As for the Swedish study, that really addressed early prophylaxis, the Premiloc approach. Dose of hydrocortisone is much lower than treatment doses. That cohort analysis showed less “BPD” but slightly worse mortality. I would love to know if there was a difference in oxygen at 40 weeks, which is more important to families, or in pulmonary outcomes in the long term. Again, if it is just a reduction in inflammation, which leads to less oxygen need at 36 weeks, but without a long term benefit, then the increase in mortality, and in late-onset sepsis is more important. The dose is probably higher than the “physiologic” dose, (whatever that means for a baby born at 25 weeks) so it could possibly have adverse effects on lung growth and alveolarisation.

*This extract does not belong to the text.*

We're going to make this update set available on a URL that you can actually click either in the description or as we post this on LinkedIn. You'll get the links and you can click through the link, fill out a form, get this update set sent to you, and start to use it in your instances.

Thank you for your thoughtful insights on these important issues. Please allow me to make some additional comments. The highlighted conclusion quoted from the Lok manuscript (PMID 38493255) regarding glucocorticoids and alveolar development is itself at risk of oversimplification. Most importantly, it does not include the important distinction between the glucocorticoid effects on lungs with vs without underlying inflammatory injury. When glucocorticoids were given in the context of lung injury in these animal studies, there were no observed negative effects on alveolar count, lung surface area, or mean alveolar chord length (Table 2). At the same time, nor was there evidence that glucocorticoids overcome the negative consequences of the underlying inflammatory injury on alveolarization. In the setting of evolving BPD, there have been no reported negative long term pulmonary outcomes in randomized studies of glucocorticoid use. There are, however, at least some findings supporting pulmonary benefit (as measured by FEV1) in follow-up at 8-11 years (Nixon, 2007, PMID 1382108) or (in a study comparing two dexamethasone regimens) at 15 years (Gross, 2005, PMID 15741372).

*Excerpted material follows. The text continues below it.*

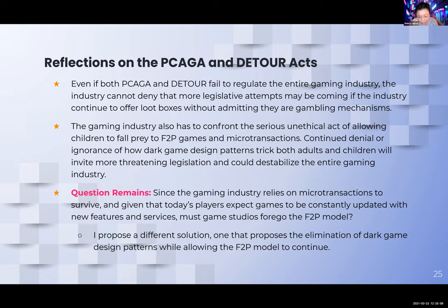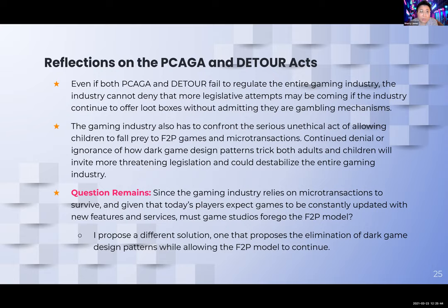My big reflection: even if PCAGA and DETOUR Act do not pass, there should be a warning for the gaming industry — if they don't self-regulate, eventually there will be another congressional bill trying to take down the industry, because Congress keeps seeing the relationship between loot boxes and gambling like slot machines. If the gaming industry doesn't address this, it's going to go down in flames. The question remains: we talked about how much it costs to develop a game; developers cost a lot of money. If the gaming industry needs microtransactions and F2P to survive, and players expect continual updates, can we really ask game studios to stop using F2P? My proposal is different — an equation that recommends elimination of dark game design patterns but allows the F2P model to continue.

The evidence from studies in animals with otherwise normal lungs is indeed compelling that postnatal glucocorticoids can impair alveolarization. The direct application of these findings to humans is less clear (see commentary PMID 38914764). The alveolar phase in rodents is only a few weeks (primarily postnatal days ~4-21). In humans, alveolarization commences at ~36w gestation and continues for many years into childhood. Even a short course of steroids thus spans a much longer percent of lung development in rodents compared with humans. Perhaps this is among reasons for the lack of identified negative pulmonary consequences of even prolonged courses of high dose glucocorticoids administered during the alveolar phase in humans, e.g., as historically used in infants to treat hemangiomas (PMID: 15313812).
Regarding the risk for cerebral palsy with early dexamethasone use, data reported in the study by Yeh et al (PMID 9310536) may provide some important unappreciated insights. The mean pCO2 was significantly lower in the group treated with dexamethasone (at days 4, 6, and 21). One standard deviation below the mean pCO2 at each of these timepoints was ~24-25 mmHg in the dexamethasone group and ~30-32 mmHg in the control group. This would place a greater number of infants in the dexamethasone group at risk for hypocarbia-associated white matter injury and related motor deficits. Whether similar consequences of dexamethasone on ventilation occurred in other early-use studies is unknown. It is worth bearing in mind that these studies were designed to assess dexamethasone use as a preventative measure rather than a form of treatment, and acute effects on lung mechanics may not have been anticipated. Moreover, they were performed at a time when the potential risk for cerebral palsy with prolonged moderate hypocarbia was unknown.
As with any medical treatment, individualized risk:benefit assessments best inform use of glucocorticoids in managing the inflammatory component of lung disease in preterm neonates. And as with every medical treatment, the understanding of these risks and benefits evolves over time.